- _Work instructions_
Please restate, exactly as they appear, only the lines from the one that contains "Low Voltage 500" to the final line of the entries, with no pictures.

==== Information supplied

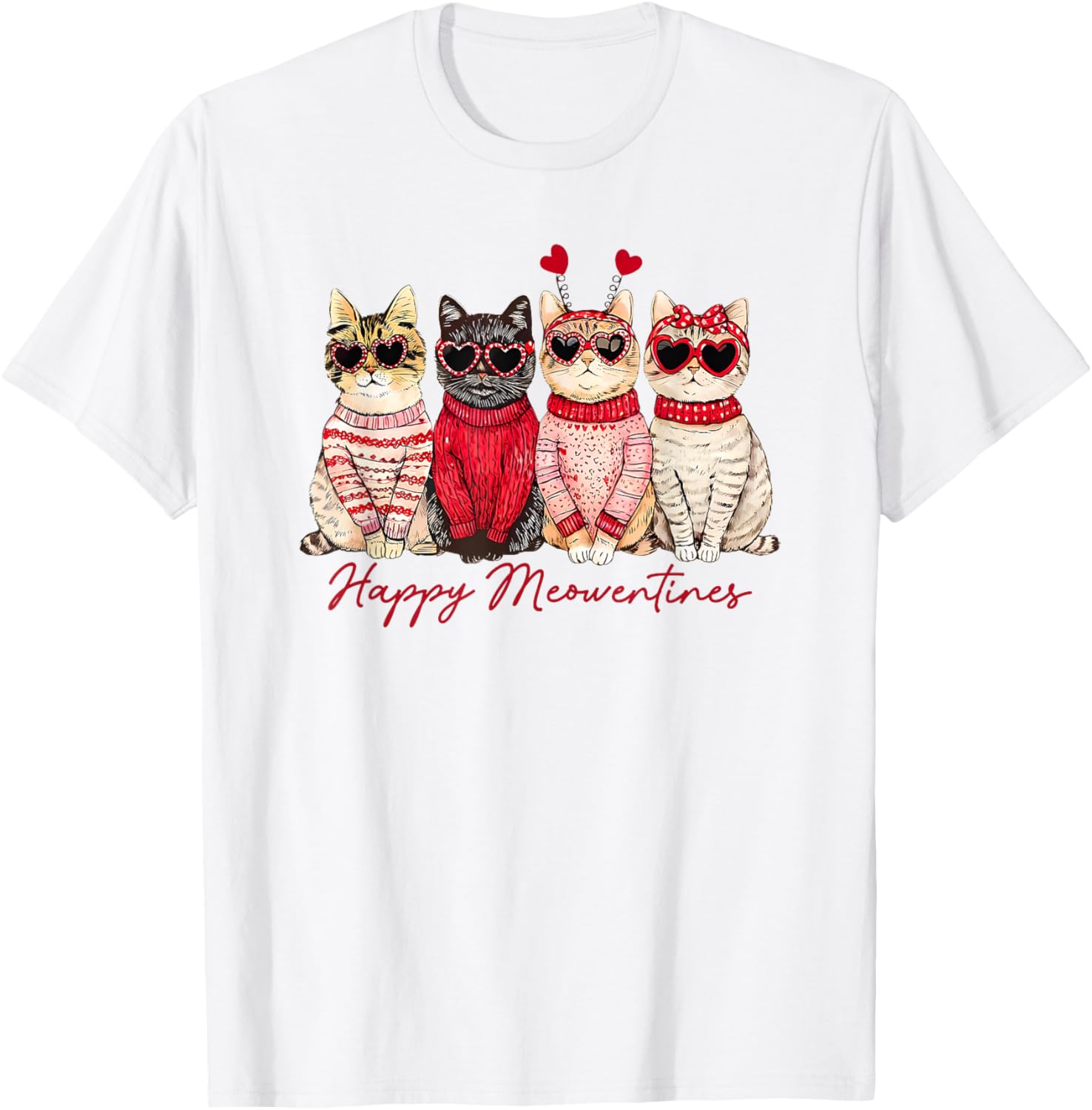 Happy Meowentines Cat T-Shirt for Valentine's Day Love and Fun - 6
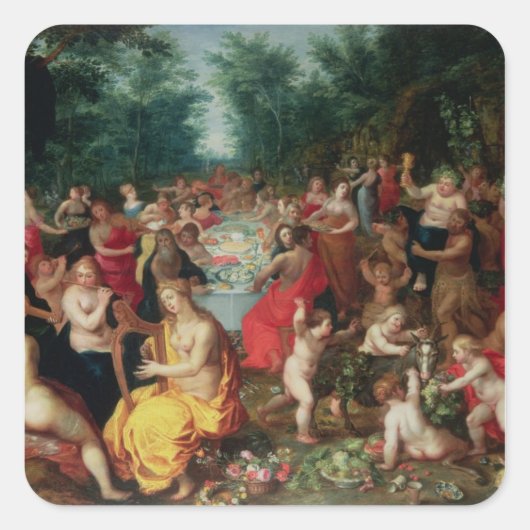 Feest van de Goden Vierkante Sticker (Voorkant)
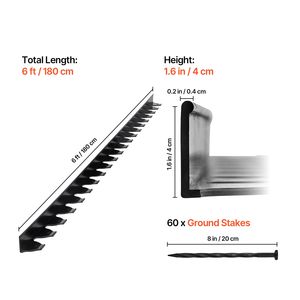 10 pz. Bordura per aiuole in plastica da 1,8 m x 0,5 m, resistente al sole, per giardino e paesaggistica fai-da-te, con 60 picchetti - Product Image 4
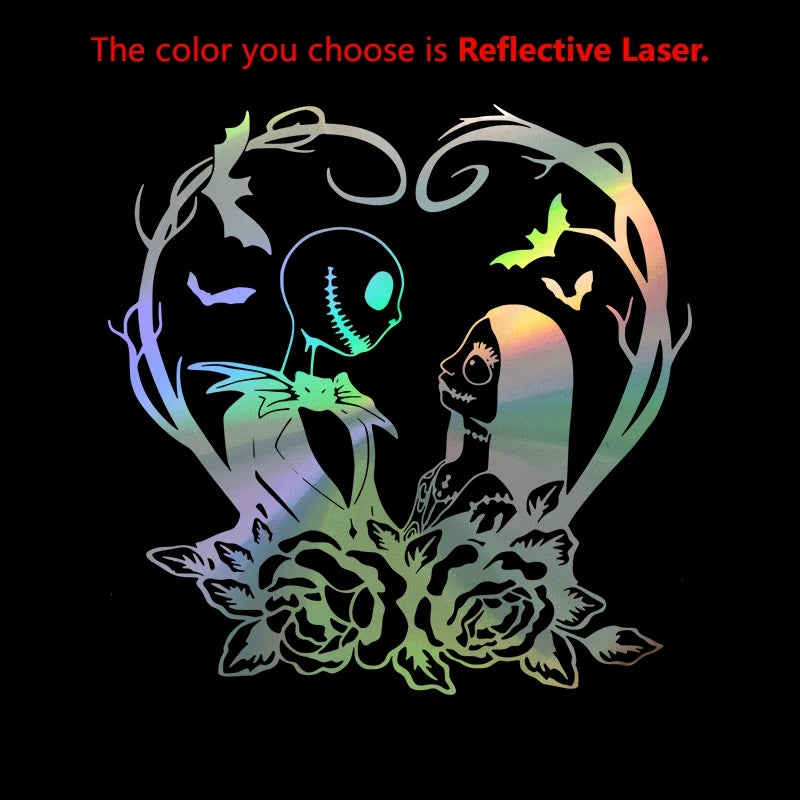 Jack and Sally Vinyl Art Sticker Car Window Bumper Decor, Graphic New Decal Jack Sally Love Stickers For Laptop Halloween Gift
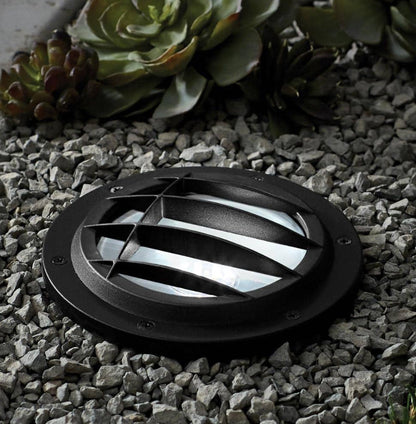 Low Voltage 500 Lumens Black Outdoor Integrated LED In Ground Well Light; Weather/Water/Rust Resistant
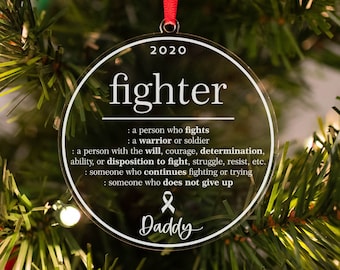 Cancer Survivor Ornament, Cancer Awareness Christmas Ornament, Personalized Christmas Ornament, Fighter Christmas Ornament, 2022 Ornament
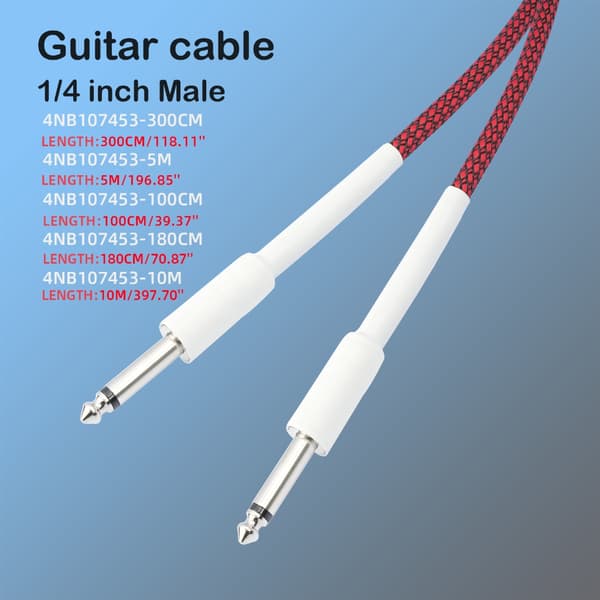 Gitarrkabel 6,35 mm 1/4'' Instrumentsladd för elektrisk mandolin 1-10m 3m
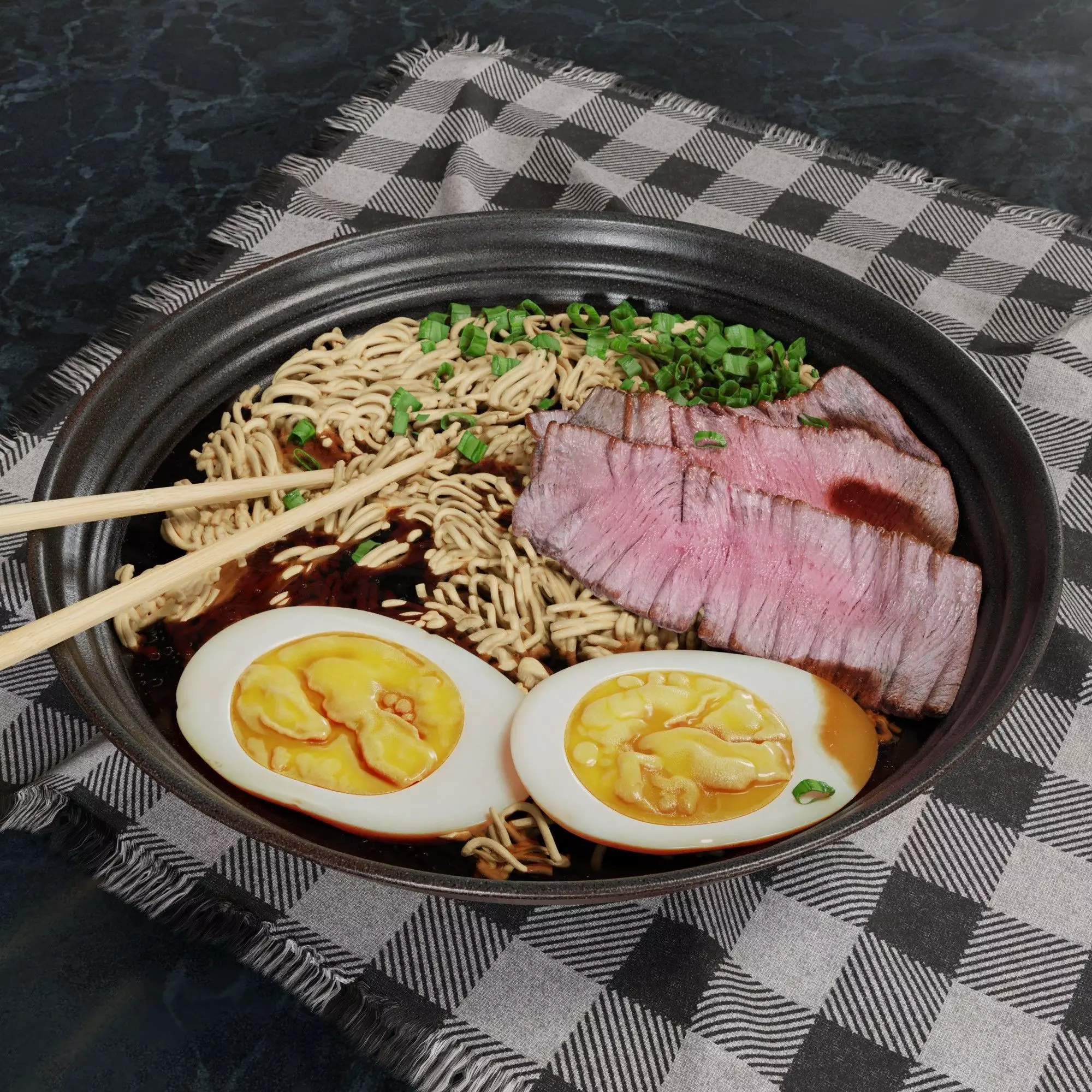 Ramen Noodles Bowl Shio style Low-poly 3D model_0
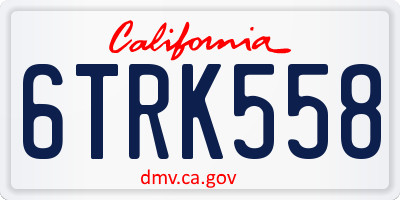 CA license plate 6TRK558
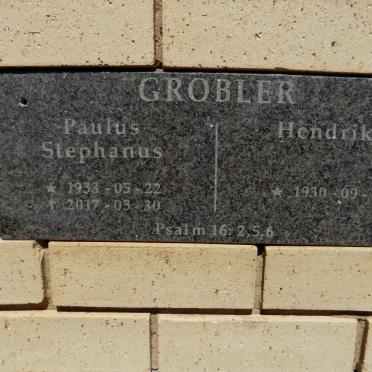 GROBLER Paulus Stephanus 1933-2017 &amp; Hendrika 1930-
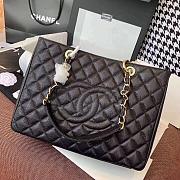 Chanel Shopping Bag Black Silver Hardware 33cm - 5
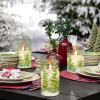imageEldnacele Christmas Tree Glass Flameless Candles Remote and Timer Battery Operated Flickering LED Pillar Candles Warm White Light 3 Pack Dinner Xmas Festival Gift Holiday DecorGreen3456 InchGlass Christmas tree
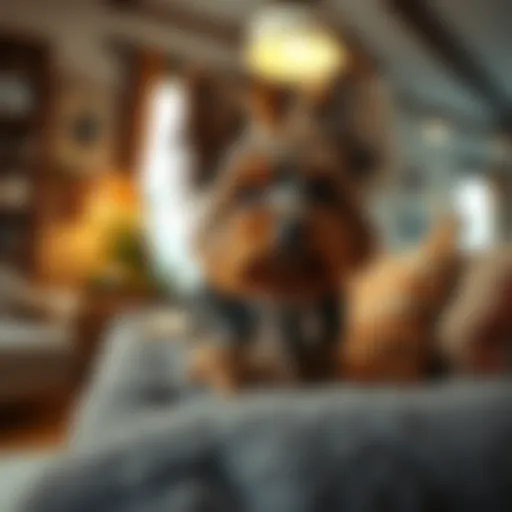 Chocolate Yorkie in a cozy home setting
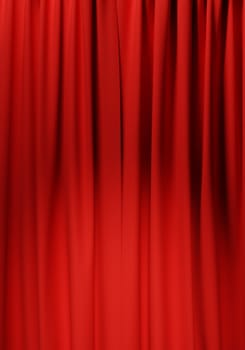 Closed red curtain using as background, presentation or entertainment concept, 3d rendering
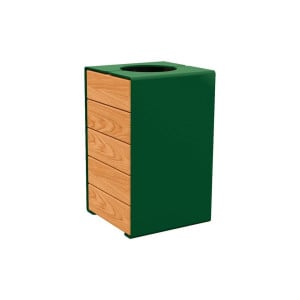 Corbeille KUB. acier et bois 120 litres Procity - Sans couvercle - Haut. 750 mm - Chêne clair/Vert mousse
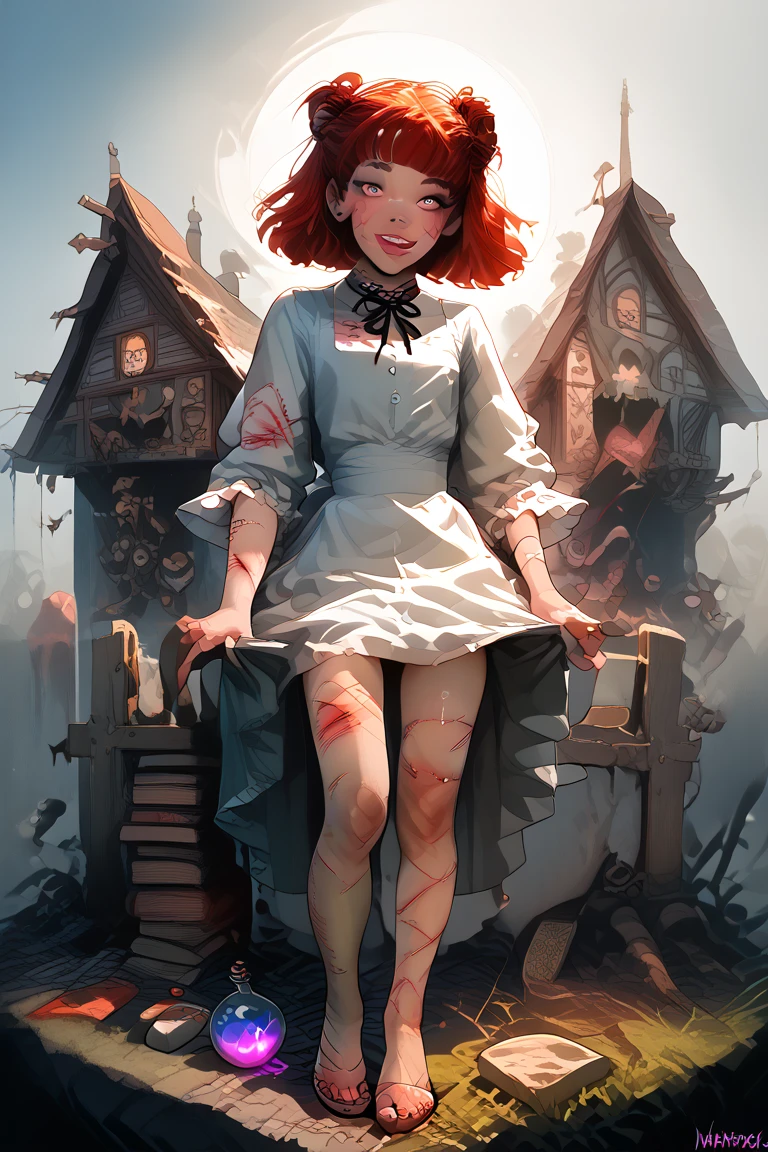 show a cute young and beautifull undead femboy in a graveyard ant night acting slutty while surrounded by zombies, cute face, high heels, bob cut hairstyle, the femboy skin has wounds and blood, seductive posture, the dead femboy has a small penis and multiple bloddy wounds on his body and scars and dirt, erotic, nsfw, highly detailed, photorealistic, cinematic lighting, dramatic shadows, white eyes, masterpiece, 8k, ultra-detailed, physically-based rendering, vivid colors, explicit, show full body from head to feet, tease,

========

- _Reply_
 Low Voltage 500 Lumens Black Outdoor Integrated LED In Ground Well Light; Weather/Water/Rust Resistant
 Cancer Survivor Ornament, Cancer Awareness Christmas Ornament, Personalized Christmas Ornament, Fighter Christmas Ornament, 2022 Ornament
 Gitarrkabel 6,35 mm 1/4'' Instrumentsladd för elektrisk mandolin 1-10m 3m
 Ramen Noodles Bowl Shio style Low-poly 3D model_0
 CA license plate 6TRK558
 GROBLER Paulus Stephanus 1933-2017 &amp; Hendrika 1930-
 Chanel Shopping Bag Black Silver Hardware 33cm - 5
imageEldnacele Christmas Tree Glass Flameless Candles Remote and Timer Battery Operated Flickering LED Pillar Candles Warm White Light 3 Pack Dinner Xmas Festival Gift Holiday DecorGreen3456 InchGlass Christmas tree
 Chocolate Yorkie in a cozy home setting
 Closed red curtain using as background, presentation or entertainment concept, 3d rendering
 Corbeille KUB. acier et bois 120 litres Procity - Sans couvercle - Haut. 750 mm - Chêne clair/Vert mousse
 show a cute young and beautifull undead femboy in a graveyard ant night acting slutty while surrounded by zombies, cute face, high heels, bob cut hairstyle, the femboy skin has wounds and blood, seductive posture, the dead femboy has a small penis and multiple bloddy wounds on his body and scars and dirt, erotic, nsfw, highly detailed, photorealistic, cinematic lighting, dramatic shadows, white eyes, masterpiece, 8k, ultra-detailed, physically-based rendering, vivid colors, explicit, show full body from head to feet, tease,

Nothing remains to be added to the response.